— DATA EXTRACT —
------------

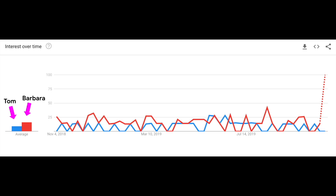One more thing before we go — a fun test to see who wins between Tom and Barbara in Google Trends. If you restrict it down to full names, it's a close call!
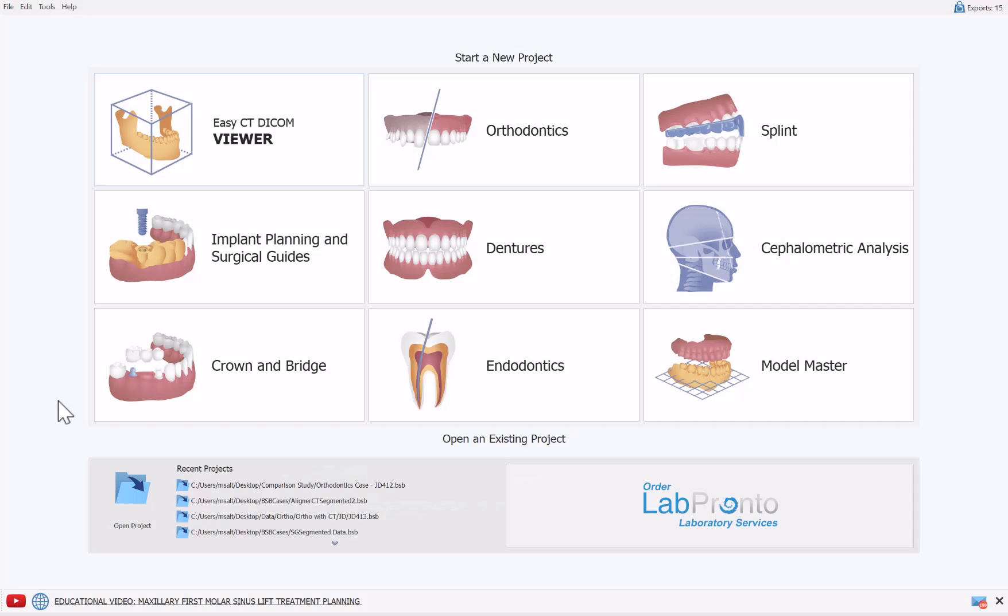This is Michael from BlueSkyBio, and in this tutorial, I will go through the orthodontics aligner process flow, emphasizing and focusing on new functionality that we're releasing as part of BlueSky Plan version 4.13.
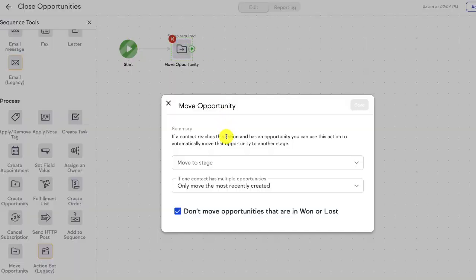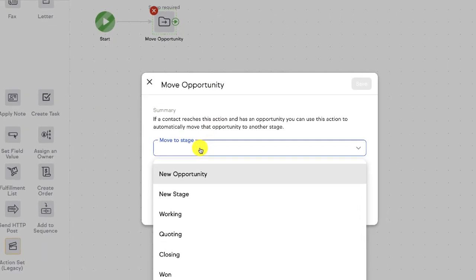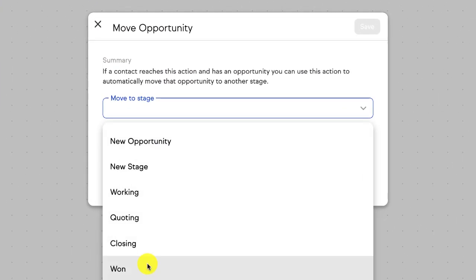So when a contact takes a specific action, you could automatically update their opportunity, moving it to won, lost, or any of your other stages.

------------

— INSTRUCTIONS TO FOLLOW —
All of the listing is to be written out exactly, with the pictures left out.

— SOLUTION BELOW —
One more thing before we go — a fun test to see who wins between Tom and Barbara in Google Trends. If you restrict it down to full names, it's a close call!
This is Michael from BlueSkyBio, and in this tutorial, I will go through the orthodontics aligner process flow, emphasizing and focusing on new functionality that we're releasing as part of BlueSky Plan version 4.13.
So when a contact takes a specific action, you could automatically update their opportunity, moving it to won, lost, or any of your other stages.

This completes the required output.